Rio Negro pode enfrentar nova seca severa em Manaus
Além da projeção mais extrema, o SGB apresentou outros cenários possíveis. Em uma situação de estiagem severa, o Rio Negro poderia alcançar 13,96 metros. Já em um comportamento semelhante ao registrado em 2015, considerado um ano crítico, a cota poderia chegar a 14,76 metros.
O alerta ocorre porque a curva inicial de descida do rio apresenta características semelhantes às observadas em 2023, quando Manaus registrou a segunda menor cota da história. Apesar da preocupação, os modelos climáticos mais recentes ainda não apontam uma estiagem extrema nos mesmos padrões daquele ano.
El Niño pode acelerar queda dos níveis dos rios
O pesquisador do Instituto Nacional de Pesquisas da Amazônia (Inpa), Renato Senna, avalia que existe possibilidade de uma queda mais rápida dos níveis dos rios nos próximos meses, especialmente com uma possível influência do fenômeno El Niño.
“Caso o evento aconteça no início do segundo semestre, pode ocorrer uma queda dos níveis do rio de uma forma bem acentuada e rápida”, afirmou o pesquisador.
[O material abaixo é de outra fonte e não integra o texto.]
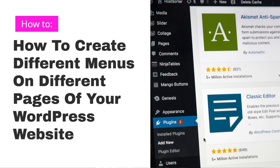Hi guys, Francis here with The Brim Factor and in this video, I'm going to be showing you how to create different menus for different pages of your WordPress website.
O El Niño ocorre devido ao aquecimento das águas do Oceano Pacífico próximo à linha do Equador. O fenômeno altera os padrões climáticos e pode reduzir o volume de chuvas na Amazônia, favorecendo períodos de seca mais intensos.
O acompanhamento dos níveis do Rio Negro continuará sendo feito pelos órgãos responsáveis, que monitoram a evolução da vazante e os possíveis impactos para a população da região.